Information
Le directeur des affaires publiques du groupe Canal +, Christophe Witchitz, fait le point sur la problématique du streaming sportif illégal.
Comment expliquez-vous la bonne forme du streaming ?
« C’est une question de mutations technologiques. C’est de plus en plus facile de récupérer des flux légaux pour ensuite les mettre à disposition illégalement. D’autant plus que les utilisateurs possèdent des connexions de plus en plus rapides, avec la fibre, permettant un streaming en direct de bonne qualité. Il faut d’ailleurs reconnaître que les pirates font du bon boulot, avec des images tout à fait agréables… Ainsi, depuis deux ou trois ans, on assiste à une explosion de ce mode de partage, particulièrement adapté à la consommation du sport, avec sa spécificité liée à la valeur du direct. »
Quel impact à cette tendance ?
« On parle de centaines de milliers d’internautes qui ne payent pas pour regarder et qui ne sont donc pas abonnés… Pour Canal, le piratage, pas uniquement celui sportif, représente un manque à gagner de 250 millions d’euros. Et dans un secteur ultra-concurrentiel, au sein duquel on assiste à une forte inflation des droits, de plus en plus compliqués à amortir, on ne peut pas se permettre de laisser de la valeur se dissiper. »
Comment luttez-vous contre ?
« Avec d’autres ayants droit, mais aussi des fédérations, on a créé l’Association pour la protection des programmes sportifs. En 2018, on a rencontré les différents intermédiaires techniques, c’est-à-dire les fournisseurs d’accès à Internet (FAI), les moteurs de recherche, les hébergeurs ou encore les réseaux sociaux, afin qu’ils nous aident à endiguer cette catastrophe industrielle. Et on a identifié le meilleur moyen de s’attaquer à ce problème, c’est-à-dire passer par la voie législative. »
Pour faire quoi ?
« La solution est très simple. Elle existe déjà dans d’autres pays européens, avec des résultats efficaces : il faut bloquer l’accès aux sites. Pour faire simple, vous cartographiez les cinquante plus gros, ce n’est pas très difficile, et après il faut se débrouiller pour trouver un mécanisme juridique afin de faciliter les blocages de manière rapide.

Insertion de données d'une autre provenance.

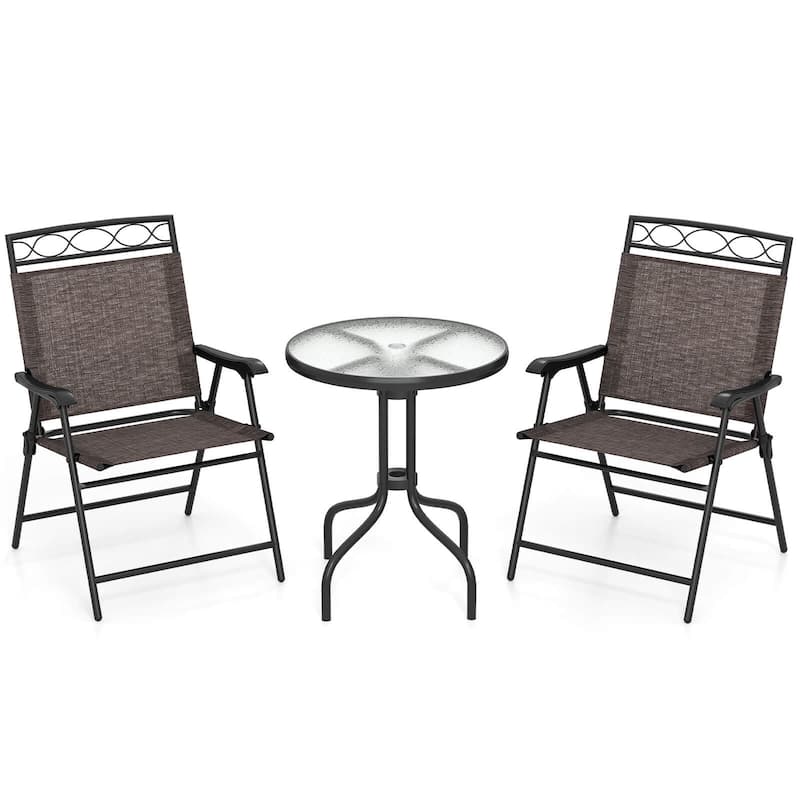 Costway 3 PCS Outdoor Bistro Dining Furniture Set with 1.57" Umbrella - See Details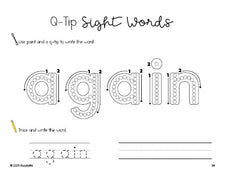 Free first grade worksheet, beginner sight word for 1st graders and high frequency word 'again', sight word worksheet includes q-tip painting, sight word tracing and handwriting, second 100 fry sight words, Dolch, PDF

Aujourd’hui, les procédures sont beaucoup trop longues, alors que la spécificité sportive tient dans l’urgence, car la valeur d’un match de foot, par exemple, dure quatre-vingt-dix minutes… Cela demande donc une adaptation du cadre législatif et juridique. »
Dans quels délais ?
« Une réforme de l’audiovisuel s’annonce. Et, dans les débats publics, des signaux montrent que le piratage sportif sera bien pris en compte. Après, ça va prendre du temps. Mais, dans une bonne année, on espère avoir un dispositif qui fonctionne. »
Pour cela, il faudra que
les FAI jouent le jeu…
« Ils ne sont effectivement pas tous sensibles au problème. Chez SFR, ils comprennent, car ils ont RMC Sport. Le piratage n’était pas une priorité, mais ça le devient. Chez, Orange, ils ont OCS (service consacré aux séries), donc ils ont compris le souci, mais c’est moins urgent pour eux, car ce n’est pas du sport. Ils n’ont pas mis 350 millions par an comme SFR l’a fait pour la Ligue des champions. Mais les deux autres, Bouygues et Free, ne voient que des emmerdes là-dedans. Leur business, c’est de vendre de la bande passante. S’ils bloquent certains sites, leurs abonnés ne vont pas être contents et ils vont changer de fournisseur. D’où l’intérêt d’un dispositif juridique qui obligerait l’intégralité des fournisseurs à bloquer. »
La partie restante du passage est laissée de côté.